Problem to solve — Copy all records exactly; omit pictures.

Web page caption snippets
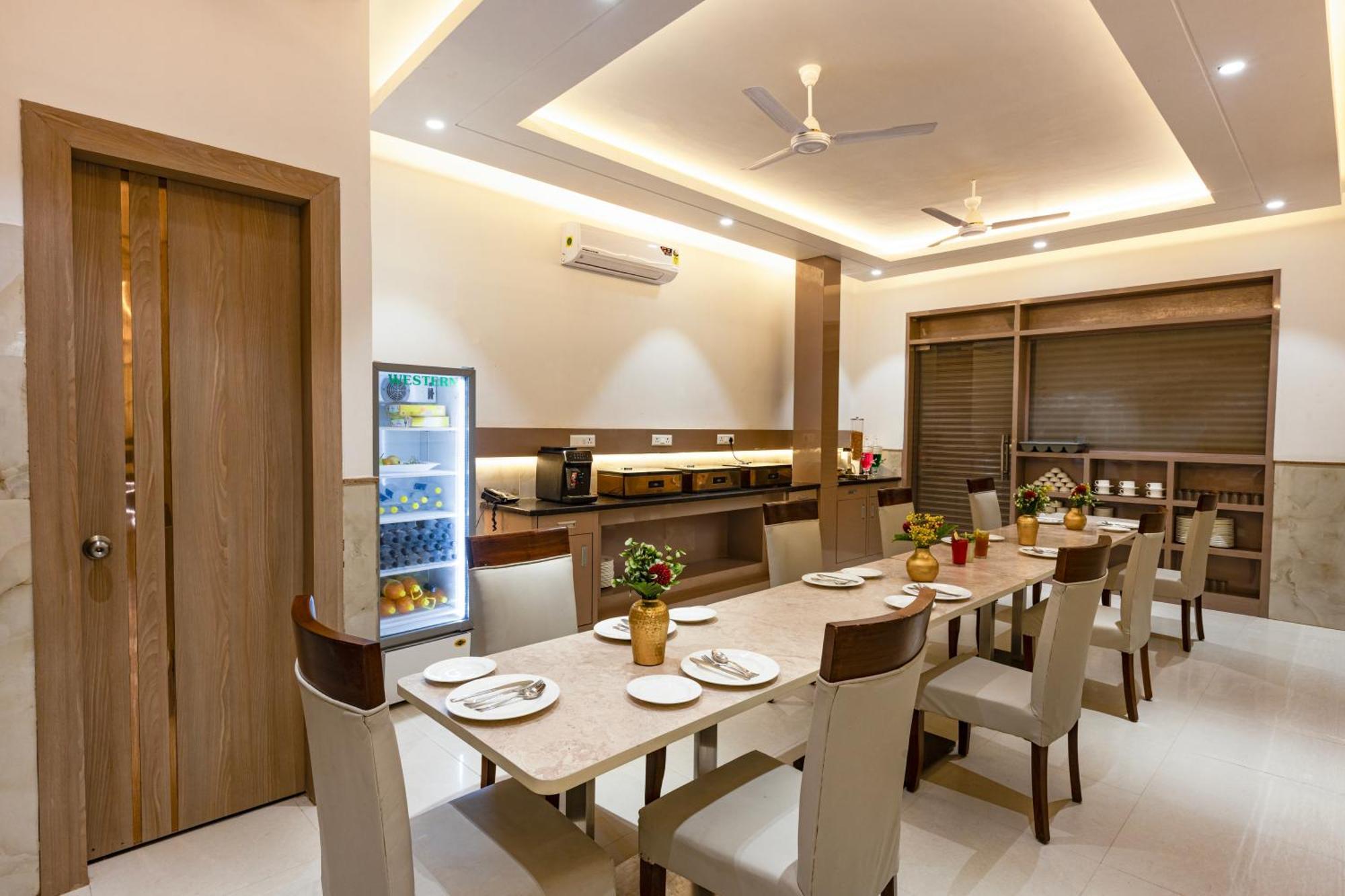 The Orion Hotel Era - Delhi Airport Nova Deli Exterior foto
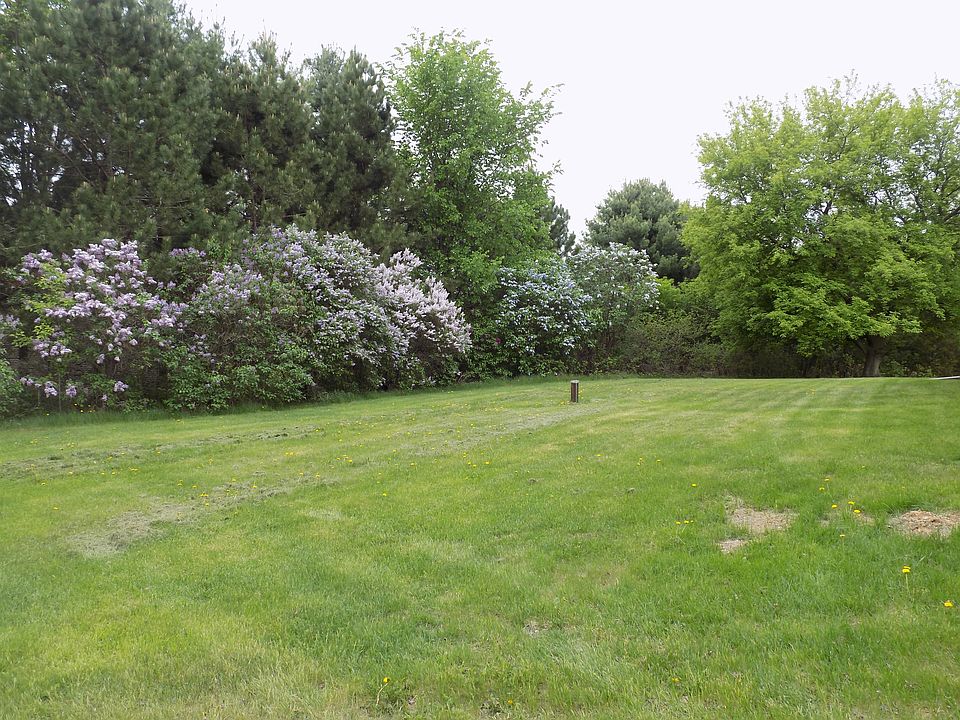 2nd image of 668 Perch Lake Rd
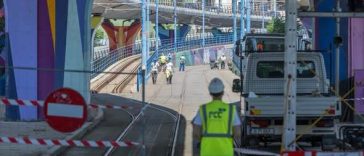 Primăria Capitalei, despre stadiul lucrărilor la Pasajul Basarab: La fix o săptămână de la startul lucrărilor, deja o bună parte din schele sunt montate / Din noaptea de duminică spre luni se închide calea de pe sensul Bd. Titulescu – Şos. Grozăveşti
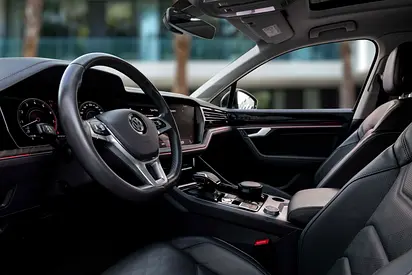 صورة 9 لـ 2020 Volkswagen TOUAREG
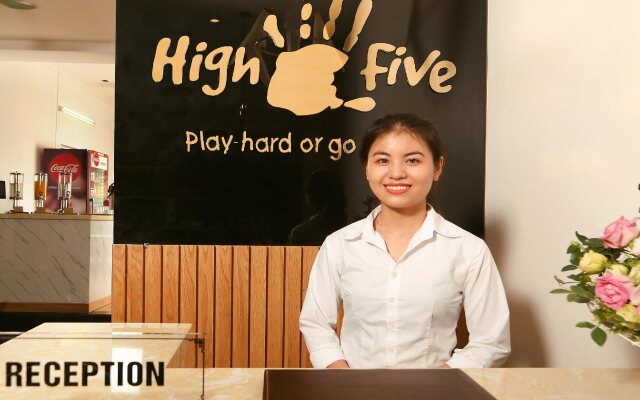 Hanoi High Five Hostel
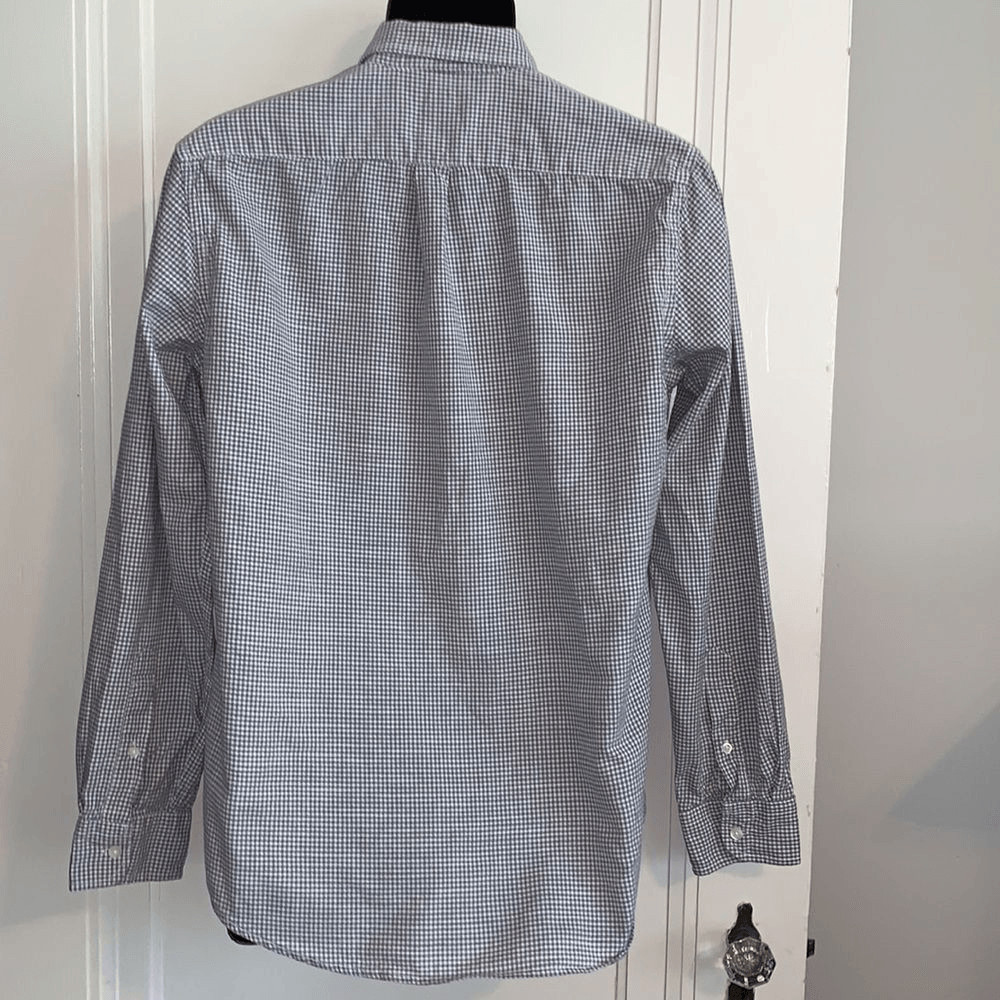 Gap gray/white small checked button collar shirt - image 6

Answer space —
 The Orion Hotel Era - Delhi Airport Nova Deli Exterior foto
 2nd image of 668 Perch Lake Rd
 Primăria Capitalei, despre stadiul lucrărilor la Pasajul Basarab: La fix o săptămână de la startul lucrărilor, deja o bună parte din schele sunt montate / Din noaptea de duminică spre luni se închide calea de pe sensul Bd. Titulescu – Şos. Grozăveşti
 صورة 9 لـ 2020 Volkswagen TOUAREG
 Hanoi High Five Hostel
 Gap gray/white small checked button collar shirt - image 6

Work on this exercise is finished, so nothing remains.